"Techno wasn't designed to be dance music, it was designed to be a futurist statement" Jeff Mills
Il semble aujourd'hui impossible de parler de Stroboscopic Artefacts sans verser dans la surenchère, tant le petit label de Lucy a réussi à s'imposer comme un des labels les plus pointus en matière de techno, arrivant à concilier sous le même toit techno très efficace et recherche absolue du sound design. Et cet album du Singapourien Xhin semble vraiment porter cette double exigence à son paroxysme.
Car loin d'imiter ses collègues Lucy et Dadub (chroniqué ici) et d'expérimenter en utilisant une base de dub techno, Xhin s'aventure dans des territoires d'habitude inexplorés, en manipulant des structures typiquement IDM. Ainsi, les deux morceaux qui suivent la nécessaire introduction The Secret Closet ressemblent à ce que pourrait produire Autechre si les deux natifs de Rochdale avaient décidé de se lancer dans la techno, Fox and Wolves et surtout Teeth semblant tout droit sorties d'Untilted qu'on aurait accouplé au sound design du Risp de Richard Devine.
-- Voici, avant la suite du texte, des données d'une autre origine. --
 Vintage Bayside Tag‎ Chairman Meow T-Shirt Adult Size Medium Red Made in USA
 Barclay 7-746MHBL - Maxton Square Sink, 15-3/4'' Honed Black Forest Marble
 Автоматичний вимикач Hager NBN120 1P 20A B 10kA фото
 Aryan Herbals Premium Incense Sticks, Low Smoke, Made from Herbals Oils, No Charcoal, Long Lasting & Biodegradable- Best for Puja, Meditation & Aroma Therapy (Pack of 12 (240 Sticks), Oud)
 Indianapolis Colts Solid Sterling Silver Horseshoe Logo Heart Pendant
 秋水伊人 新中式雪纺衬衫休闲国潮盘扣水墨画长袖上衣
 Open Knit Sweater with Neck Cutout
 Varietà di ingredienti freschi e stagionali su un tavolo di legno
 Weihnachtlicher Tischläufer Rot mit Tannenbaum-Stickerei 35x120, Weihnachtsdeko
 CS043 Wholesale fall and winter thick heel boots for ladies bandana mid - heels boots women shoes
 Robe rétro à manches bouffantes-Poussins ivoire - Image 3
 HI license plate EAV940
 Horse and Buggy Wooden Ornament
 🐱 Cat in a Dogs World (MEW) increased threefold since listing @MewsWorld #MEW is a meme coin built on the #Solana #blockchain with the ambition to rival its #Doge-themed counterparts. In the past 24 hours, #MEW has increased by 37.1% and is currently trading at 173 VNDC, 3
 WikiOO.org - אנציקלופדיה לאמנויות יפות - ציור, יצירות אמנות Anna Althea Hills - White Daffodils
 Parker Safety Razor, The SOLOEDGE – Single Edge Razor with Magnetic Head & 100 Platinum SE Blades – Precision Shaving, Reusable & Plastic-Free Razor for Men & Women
De même il est impossible de parler de Medium sans évoquer ces structures terriblement drill n' bass, ces accès glitchesques et ces abcès purulents d'acide qui éloignent ce morceau de la techno pour en faire une sorte de crossover.
Sword semble même parfois ressembler un peu à Drukqs, surtout au niveau des deux morceaux ambient Insides et Wood, semblant composés au piano préparé et enchâssés entre deux perceuses drill n' bass comme pour contrebalancer leur puissance, l'album se finissant également par une track plus ambient au timbre légèrement voilé, This Is What You Drew While You Were Half Asleep. Ce qui pourrait paraitre nuire à l'album en le rendant incohérent n'apparait en réalité pas si néfaste, permettant parfois de solidifier ce magma de sonorités acides et de bourdonnements, et rend l'album encore plus riche au niveau des textures utilisées.
Avec seulement deux morceaux de techno "traditionnelle", Xhin s'éloigne de ses oeuvres précédentes, notamment de sa très bonne Monad III (toujours chez SA) et s'éloigne d'une optique dansante pour proposer une véritable oeuvre d'analyse et de déconstruction de la techno, dans un hybride monstrueux, au sens antique du terme.